**TASK OBJECTIVE**. Beginning with the line of the entries below that holds "紫阳绒，万圣节，八尺镜，黑发师，墨发师，砍头苗，带根小苗" and ending with the line that holds "Enlarge Kiska, a", transcribe each line exactly as written. Pictures stay out.

**SUPPLIED ENTRIES**.

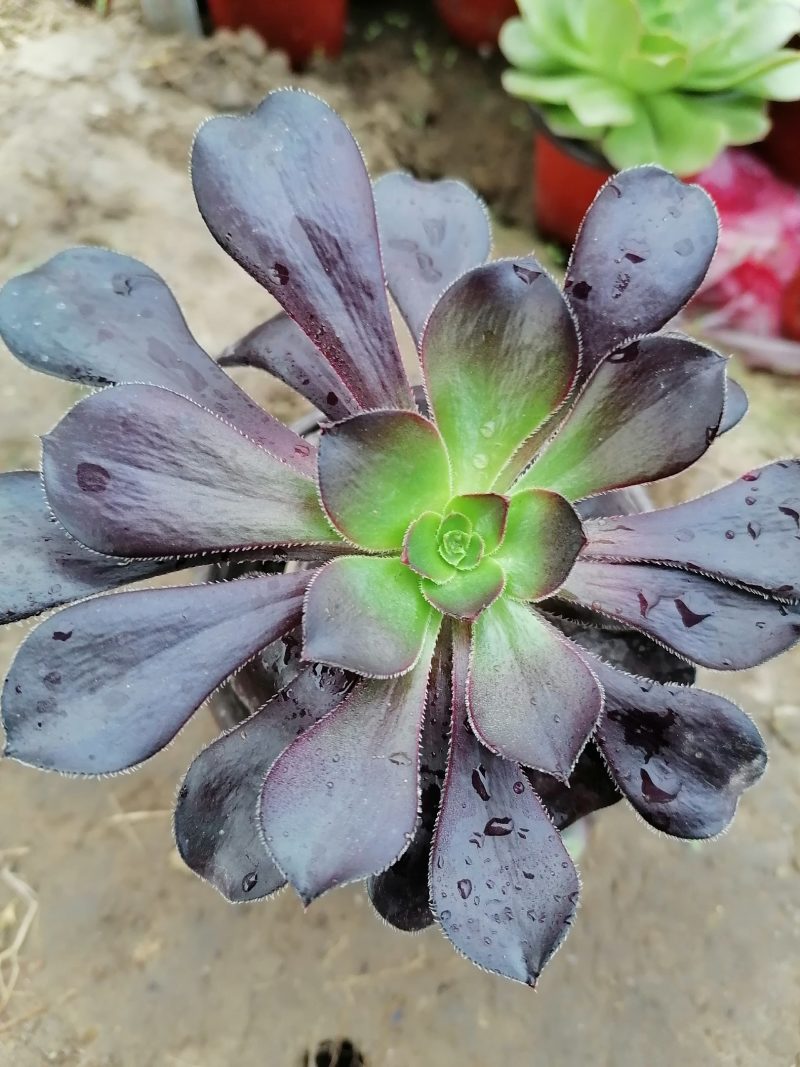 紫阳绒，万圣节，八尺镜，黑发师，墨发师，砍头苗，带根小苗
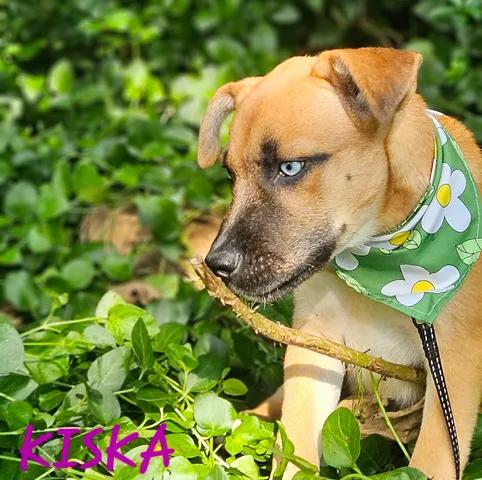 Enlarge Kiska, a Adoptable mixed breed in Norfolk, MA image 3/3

---

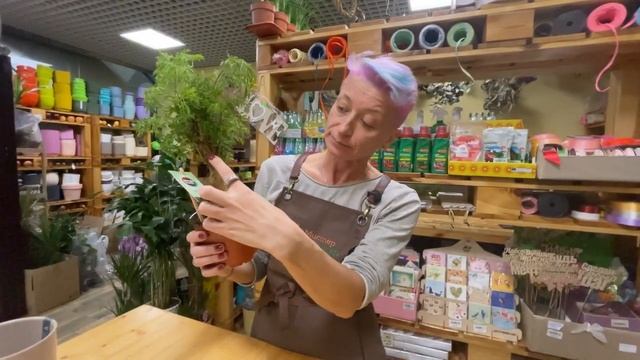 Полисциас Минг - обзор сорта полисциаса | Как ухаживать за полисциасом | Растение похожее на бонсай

==

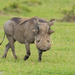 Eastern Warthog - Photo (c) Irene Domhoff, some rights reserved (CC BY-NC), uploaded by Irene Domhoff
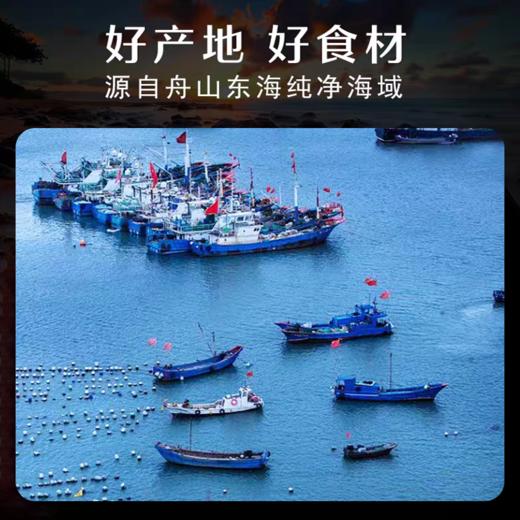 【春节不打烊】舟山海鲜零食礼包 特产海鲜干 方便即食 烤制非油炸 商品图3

**ANSWER SPACE**.
 紫阳绒，万圣节，八尺镜，黑发师，墨发师，砍头苗，带根小苗
 Enlarge Kiska, a Adoptable mixed breed in Norfolk, MA image 3/3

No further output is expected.